**Exercise:**
Begin at the line below that has "foyer with a" and stop after the line that has "Steaming outdoor pool". Please restate only those lines, word for word.

**Dataset:**
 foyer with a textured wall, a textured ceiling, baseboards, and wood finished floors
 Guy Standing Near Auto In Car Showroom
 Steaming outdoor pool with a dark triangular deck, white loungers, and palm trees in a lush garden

==

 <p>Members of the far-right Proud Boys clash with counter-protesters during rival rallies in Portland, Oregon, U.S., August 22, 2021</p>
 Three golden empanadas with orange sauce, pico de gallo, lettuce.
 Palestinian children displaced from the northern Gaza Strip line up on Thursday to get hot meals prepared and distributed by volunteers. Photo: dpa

==

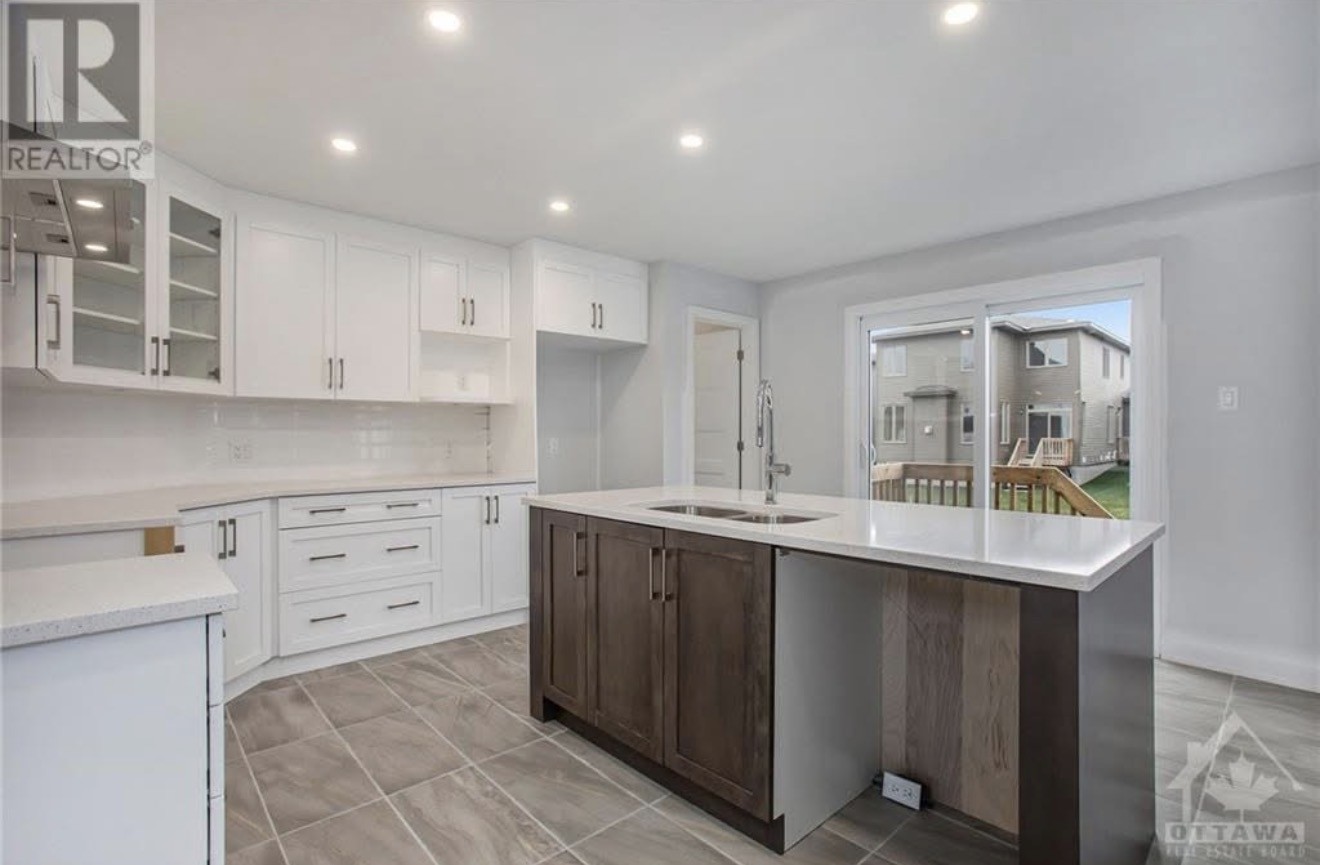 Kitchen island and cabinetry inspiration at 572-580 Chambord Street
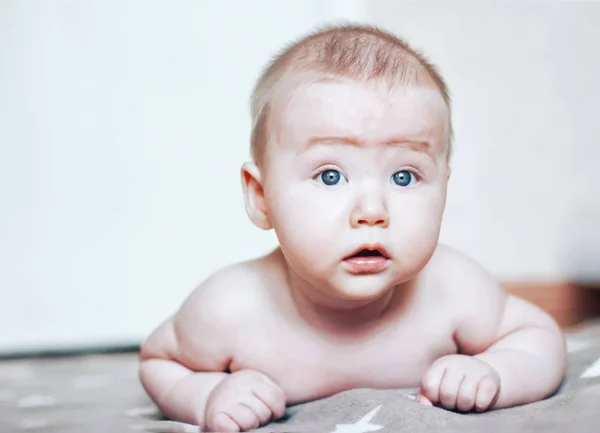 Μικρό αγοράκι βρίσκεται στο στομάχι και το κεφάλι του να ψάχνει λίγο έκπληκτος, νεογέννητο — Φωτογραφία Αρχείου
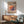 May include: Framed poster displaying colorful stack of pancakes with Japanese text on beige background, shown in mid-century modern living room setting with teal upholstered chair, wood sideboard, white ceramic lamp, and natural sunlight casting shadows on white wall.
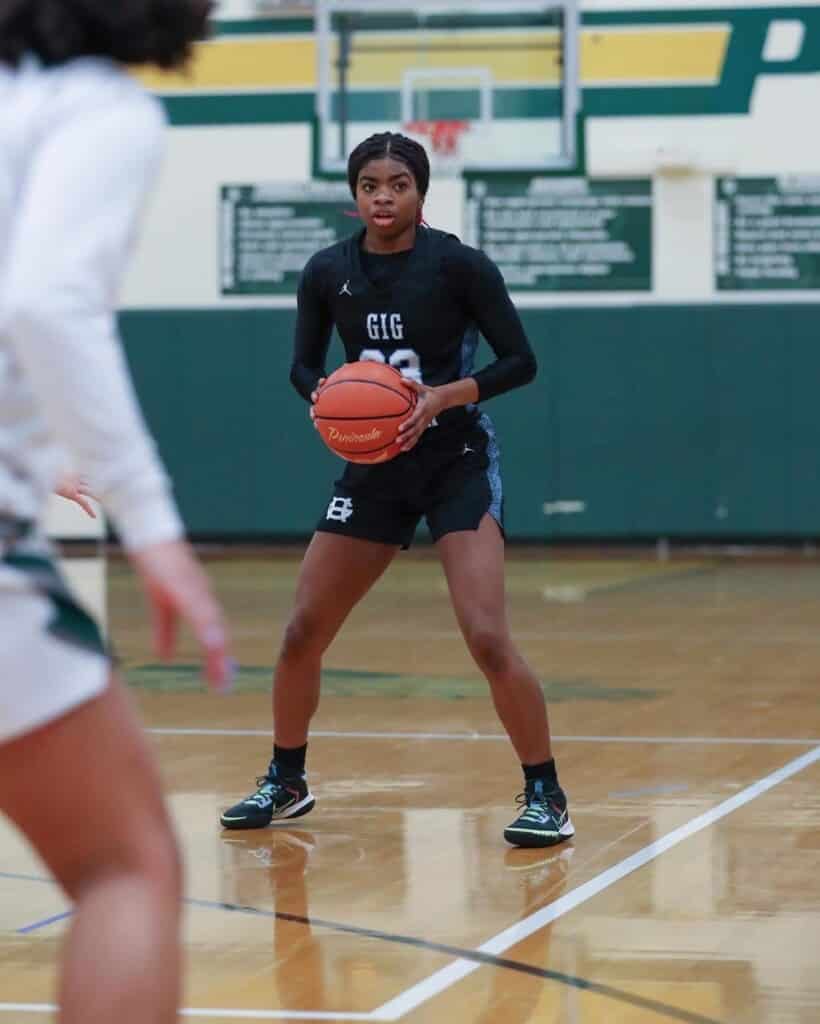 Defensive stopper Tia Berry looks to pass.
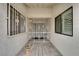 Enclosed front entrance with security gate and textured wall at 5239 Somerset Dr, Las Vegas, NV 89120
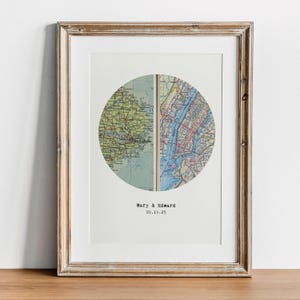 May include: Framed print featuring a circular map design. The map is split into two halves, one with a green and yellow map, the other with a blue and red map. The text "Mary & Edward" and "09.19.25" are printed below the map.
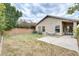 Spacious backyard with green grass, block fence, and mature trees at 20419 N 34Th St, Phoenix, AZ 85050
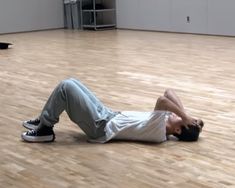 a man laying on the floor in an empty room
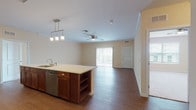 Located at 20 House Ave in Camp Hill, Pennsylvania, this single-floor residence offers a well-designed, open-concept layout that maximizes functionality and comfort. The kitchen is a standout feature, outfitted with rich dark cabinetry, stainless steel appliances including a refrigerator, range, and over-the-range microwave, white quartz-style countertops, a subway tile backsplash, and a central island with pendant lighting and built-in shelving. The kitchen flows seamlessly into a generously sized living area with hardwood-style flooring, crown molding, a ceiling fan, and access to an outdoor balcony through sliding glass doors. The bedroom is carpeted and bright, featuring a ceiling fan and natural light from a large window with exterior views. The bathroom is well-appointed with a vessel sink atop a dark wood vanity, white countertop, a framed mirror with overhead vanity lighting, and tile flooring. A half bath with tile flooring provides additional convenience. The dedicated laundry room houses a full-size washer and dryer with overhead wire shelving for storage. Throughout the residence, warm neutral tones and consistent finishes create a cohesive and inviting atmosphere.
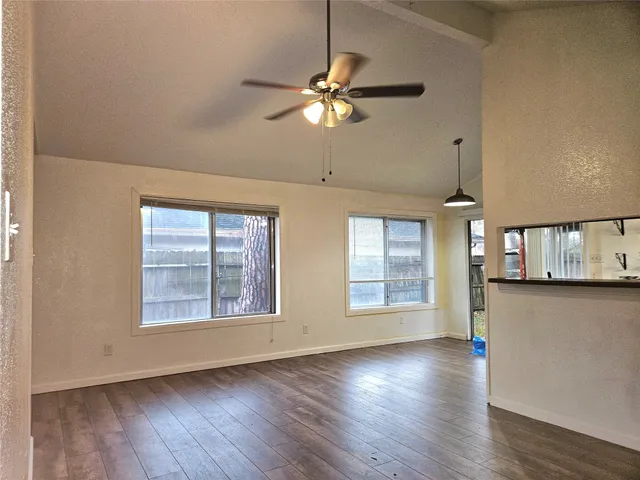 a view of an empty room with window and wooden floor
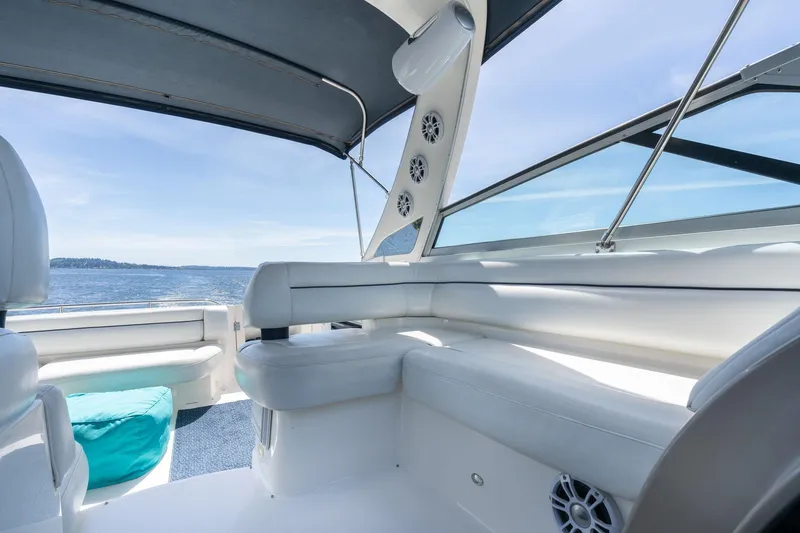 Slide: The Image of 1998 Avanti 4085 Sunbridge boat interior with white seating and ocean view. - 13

**Task answer:**
 foyer with a textured wall, a textured ceiling, baseboards, and wood finished floors
 Guy Standing Near Auto In Car Showroom
 Steaming outdoor pool with a dark triangular deck, white loungers, and palm trees in a lush garden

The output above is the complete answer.